Basically we have developed on Sonar_exporter for scraping sonar metrics such as projects,QualityProfiles,QualityGates, Resource information to prometheus using Python code.

We are using several Web-apis to get the sonar metrics using python.
So sequence api is like,

  1. we do login first through authentication api
    2 then perform operation using projects/QPs/QGs webapis
  2. at last logs out

above instruction executes in circle and to scrape data to prometheus.

But it is found that username and password are getting printed in log line when authentication api hits to sonarqube. it is not masking that part.

any idea why it is not working , because it may leads to security breach and we have to implement sonar qube exporter for out use case.

Please help us with this.

SonarQube Version : 7.9.6

Thanks and regards,
Rahul Salunke

1 Like

Hi,

Your version is past EOL. You should upgrade to either the latest version or the current LTS at your earliest convenience. Your upgrade path is:

xxx → 7.9.6 → 8.9.2 → 9.1 (last step optional)

You may find the Upgrade Guide and the LTS-to-LTS Upgrade Notes helpful.
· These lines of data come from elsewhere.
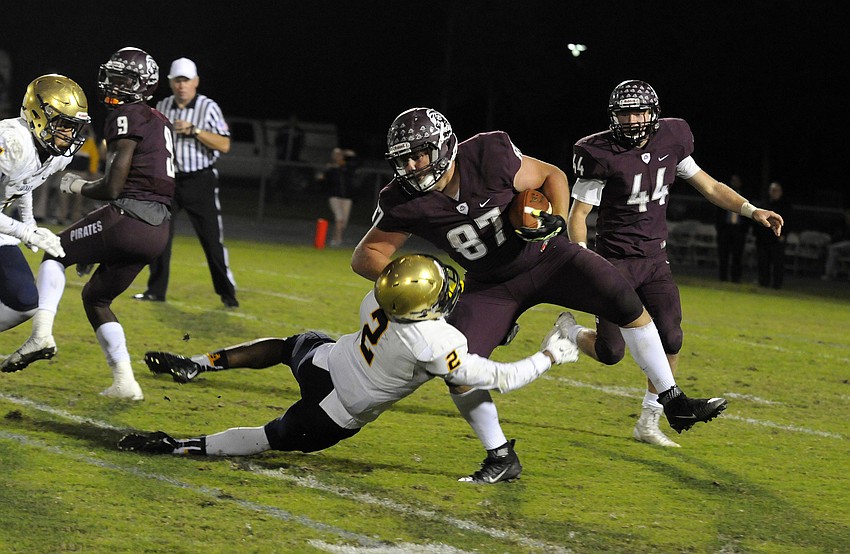 Braden River senior tight end Ryan Neuzil caught a pass for a first down in the second quarter.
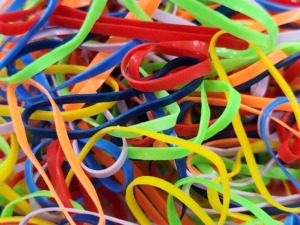 Bandes élastiques pour cheveux en TPU, fabriquées en Corée, unisexes, personnalisées OEM ODM, dans une bouteille en plastique, non toxiques, élastiques, certifiées OEKO-TEX - Product Image 3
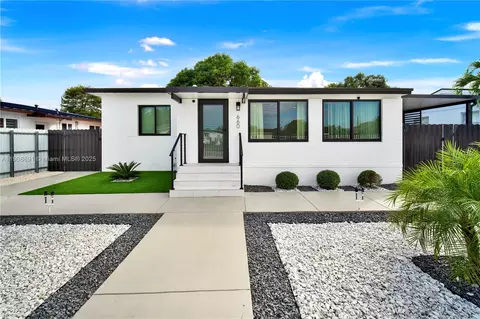 660 E 38th St, Hialeah, FL 33013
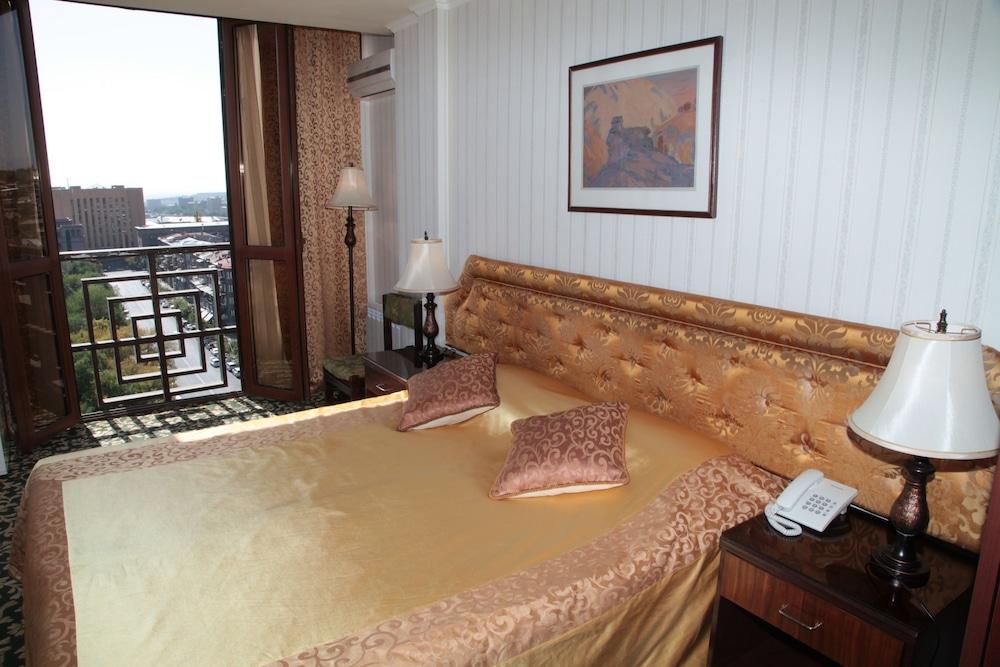 Shirak Hotel Jerevan Buitenkant foto
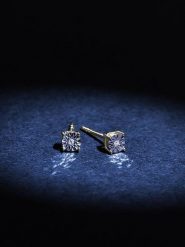 DIAMANTA Złote kolczyki-wkrętki "Puce Grande Illusion" z diamentami rozmiar: onesize. Czerwone kolczyki DIAMANTA, z diamentem, złote. Za 861.99 zł.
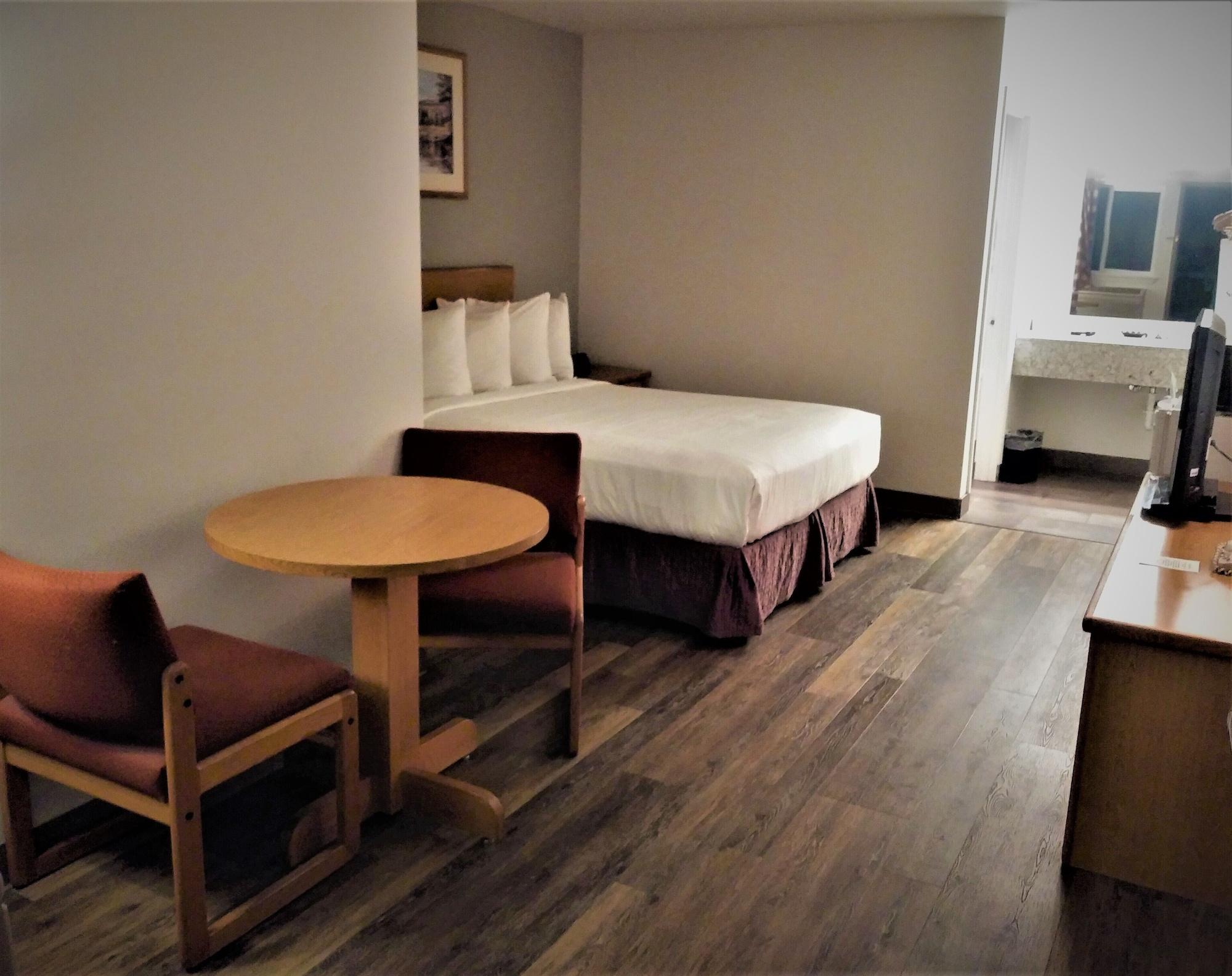 Sugarloaf Mountain Motel Bend Buitenkant foto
If you have questions about upgrading, feel free to open a new thread for that here.

If you still have a problem after upgrade, please come back to us with the details.

 
Ann

Hi Ann,

I tried with Version 8.9.2, but still issue it there.
Any help will be appreciated.

Thanks

Hi,

Thanks for upgrading and re-testing.

I’ve just tried to simulate this a little via my browser (too lazy to write a script) and I’m not seeing credentials in my access logs. Can you provide more details? When you say

What exactly do you mean?

BTW, GitHub search has just helped me find this line in a file named TomcatAccessLog.java in the SonarQube repo:

private static final String DEFAULT_SQ_ACCESS_LOG_PATTERN = "%h %l %u [%t] \"%r\" %s %b \"%i{Referer}\" \"%i{User-Agent}\" \"%reqAttribute{ID}\"";

And I’ve matched this pattern up to what I’m seeing in my own localhost logs, so I think I’ve found the right thing. Could you identify, please, where in this pattern you’re seeing the problematic values?

Based on the Tomcat docs I it loos like the 2nd parameter is “remote logical username” but according to those same docs, it

(always returns ‘-’)

So that shouldn’t be a problem.
Then the third parameter is “Remote user that was authenticated (if any), else ‘-’”. Is that the problem?

 
Ann

HI Ann,

You are right, when we simulate login mechanism through browser, it doesn’t print any user information in log line:

x.x.x.x - - [29/Sep/2021:05:38:13 +0000] "POST /api/authentication/login HTTP/1.1" 200 - "https://sonar.something.com/sessions/new?return_to=%2F" "Mozilla/5.0 (Windows NT 10.0; Win64; x64) AppleWebKit/537.36 (KHTML, like Gecko) Chrome/94.0.4606.61 Safari/537.36 Edg/94.0.992.31" "AXwqoNt3ioPTiwdakjdasdk"

But when go for same login thorugh python:

  def login(self):
        url = self.server + '/api/authentication/login'
        params = {
            'login': self.auth[0],
            'password': self.auth[1]
        }
        self.do_post(
            url=url,
            params=params
        )

It prints user information in log line:

x.x.x.x - - [29/Sep/2021:05:41:33 +0000] "POST /api/authentication/login?login=admin&password=******** HTTP/1.1" 200 - "-" "python-requests/2.21.0" "AXwqoNt3ioPTiwJfAAAX"

Hi @rsalunke1996 ,

please try to use http basic auth when working with the API. The login endpoint should not be needed in that way. Let me try to give you an example:

import json
from pprint import pprint
import requests

FQDN = 'https:/sonarqube.your-instance.com'
API_PATH = '/api/favorites/search'

response = requests.get(FQDN+API_PATH, auth=('YOUR API TOKEN GOES HERE', ''))

if response.ok:
    data = json.loads(response.text)
    pprint(data)
else:
    raise Exception(response)

hope that helps :slight_smile:

1 Like

HI Tobias,

import json
from pprint import pprint
import requests

FQDN = 'https:/sonarqube.your-instance.com'
API_PATH = '/api/authentication/login'

response = requests.get(FQDN+API_PATH, auth=('YOUR API TOKEN GOES HERE', ''))

if response.ok:
    data = json.loads(response.text)
    pprint(data)
else:
    raise Exception(response)

I want to try token with login api, that isn’t supported.
can you help me in this.

no. as already stated this is not the right way to go and is not supported. the login endpoint is only used for the frontend of sonarqube and should not be used for scripting purposes against the api.
you can call any endpoint that requires authentication in a similar way as in the example that i shared with you.